The task:
Please transcribe the entries that follow exactly as they stand, skipping each picture.
Recorded data: Begin
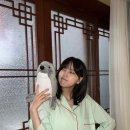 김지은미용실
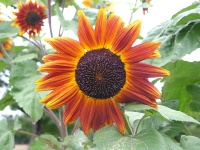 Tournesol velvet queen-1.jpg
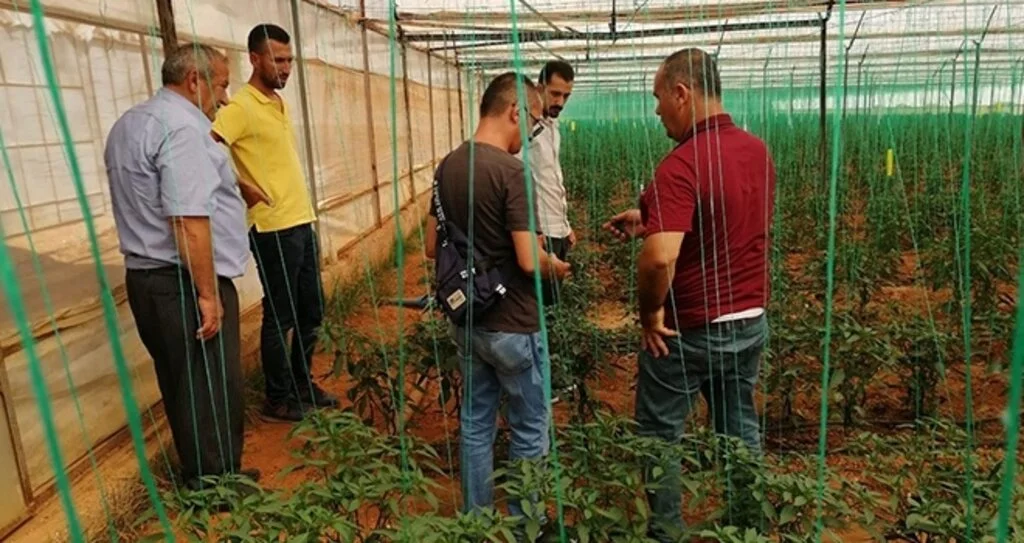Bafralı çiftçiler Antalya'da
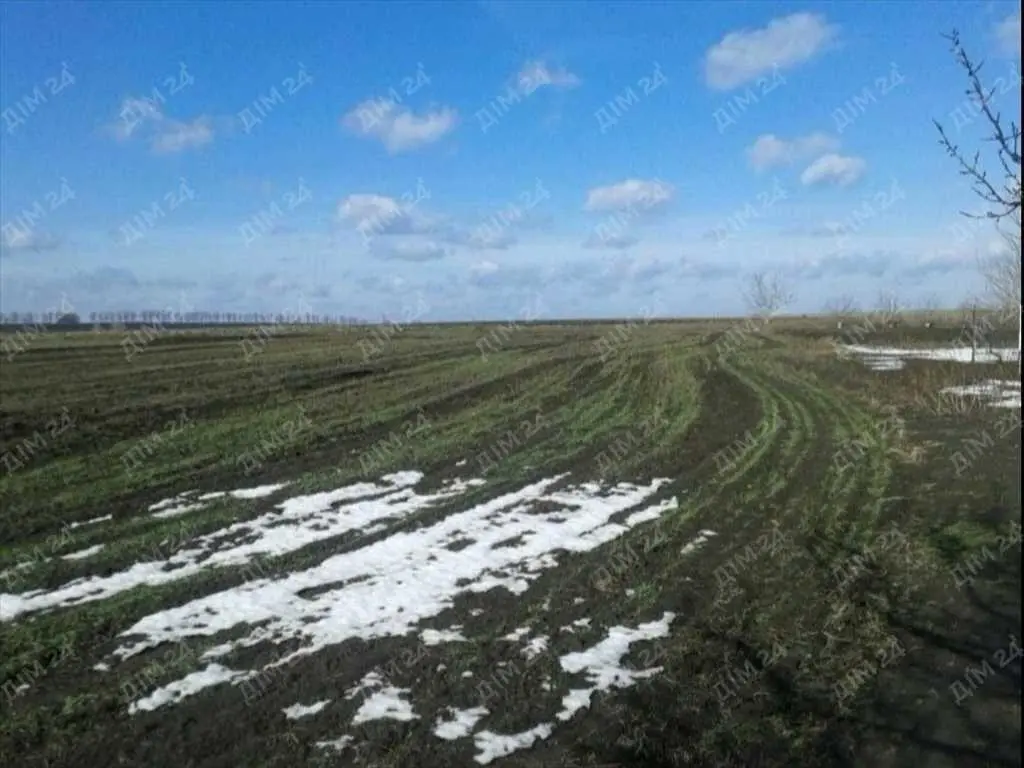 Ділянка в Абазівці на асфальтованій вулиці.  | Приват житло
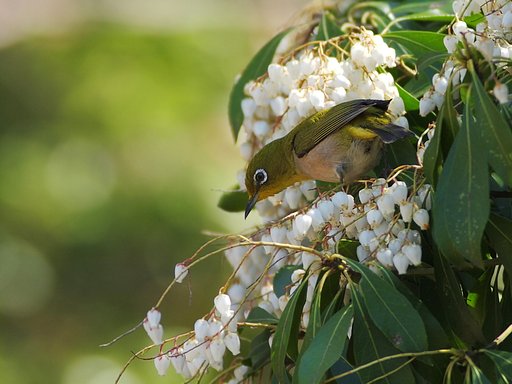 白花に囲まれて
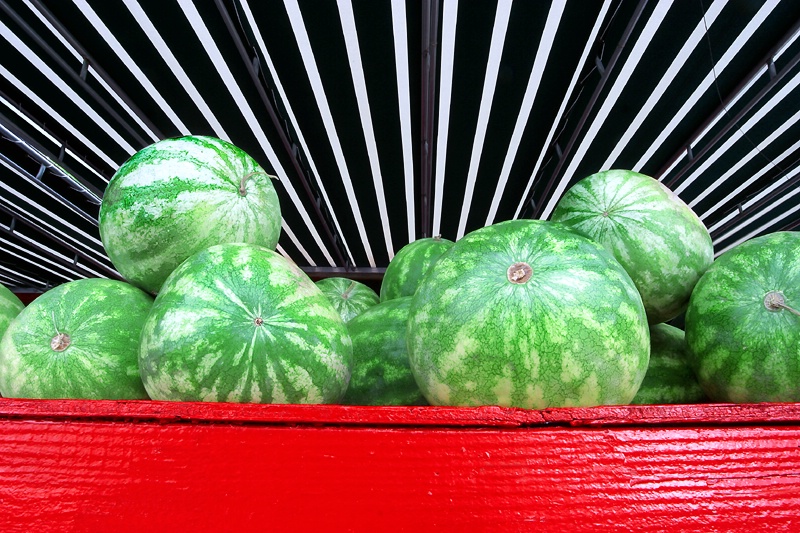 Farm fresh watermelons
Recorded data: End
Solution for this exercise:
 김지은미용실
 Tournesol velvet queen-1.jpg
Bafralı çiftçiler Antalya'da
 Ділянка в Абазівці на асфальтованій вулиці.  | Приват житло
 白花に囲まれて
 Farm fresh watermelons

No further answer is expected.